Со всем сказанным можно согласиться, но будем помнить, что Возрождение- это не некий спонтанный акт, это — реакция. Реакция арийского человека на духовный террор, ведущийся против него много столетий. А «гордость» — не более чем попытка самоутвердиться в новых «духовных раскладах». В мире начинало доминировать поколение, которому было приятно чувствовать себя «центром Веленной», а не «точкой прохождения вечных сил».

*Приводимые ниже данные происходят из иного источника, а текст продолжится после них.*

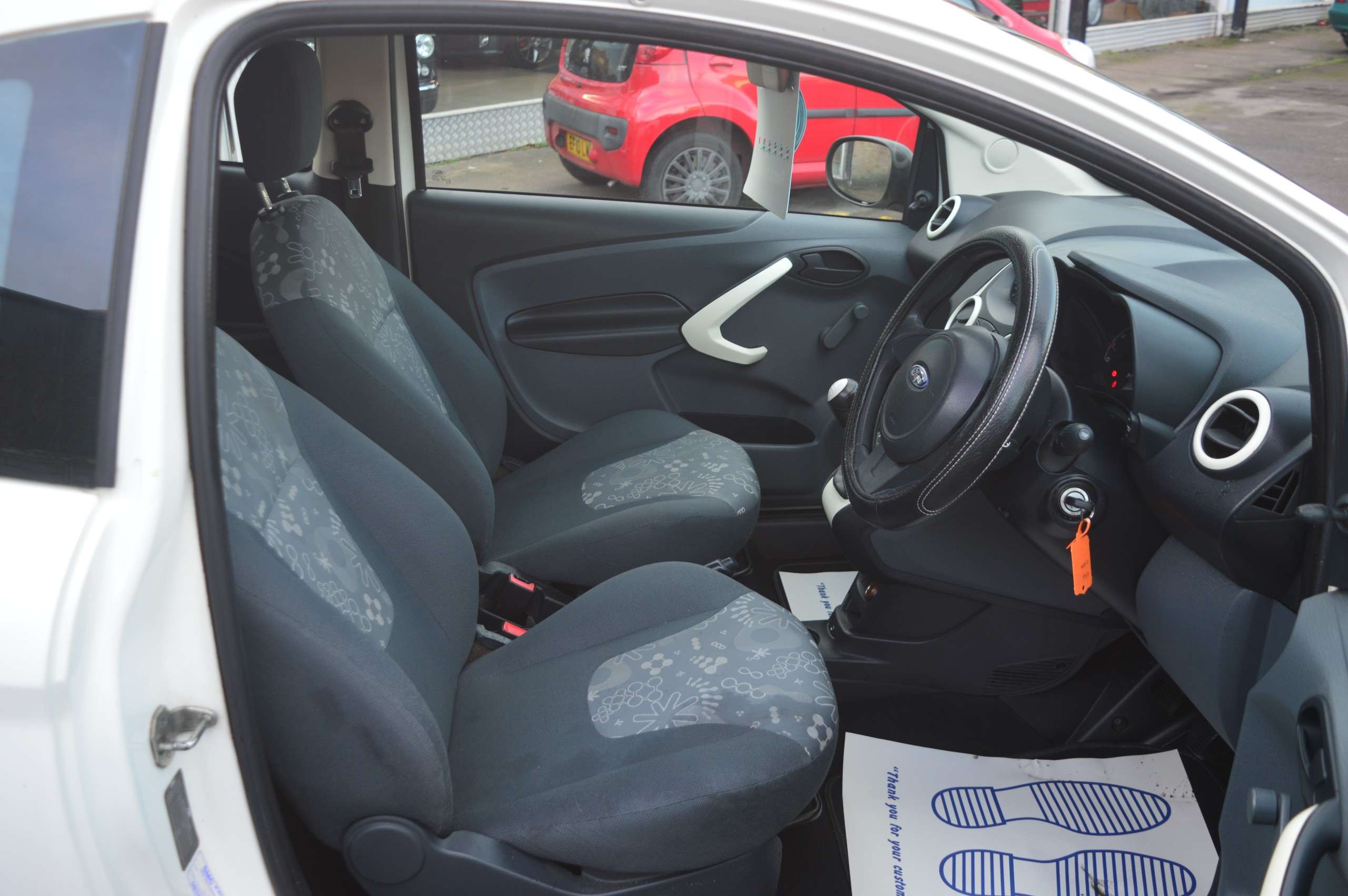 2011 FORD KA 2011 FORD KA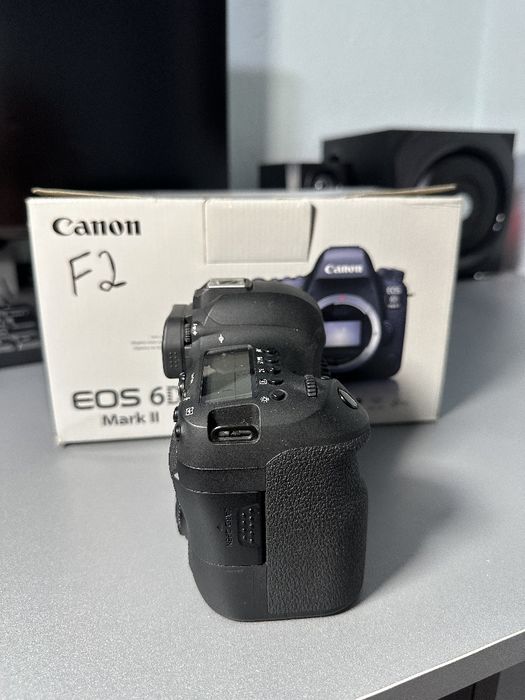 Canon 6D mark 2  Объектив 24-105мм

С наукой дело обстояло по-другому. Будучи беспрецедентно трусливыми существами (такими их сделала религия), папы понимали откуда именно следует ожидать угрозы. С врагом внешним — разными окраинными сектами вроде катаров или гуситов, можно было договориться или разобраться, но проиграв «битву за мозги», все договора становились бессмысленными. Астрономы, химики и даже скрипичные мастера вроде кремонских семейств Страдивари и Гварнери, все были под колпаком. Но подобно Христу выращенному среди иудеев, а в конце карьеры сказавшему: «Ваш отец Дьявол», смертельный удар католичеству был нанесен из его же собственной среды — священниками и богословами Виклифом и Гусом. Первого «прозевали», а со вторым разделались быстро. Хуан Торквемада (дядя будущего великого испанского инквизитора) отправил его на костер. Так церковь, почувствовав как из под ног уходит земля, пыталась лихорадочно спастись, далеко превзойдя в методах то, что предпринимали язычники стремившиеся не допустить развития христианства.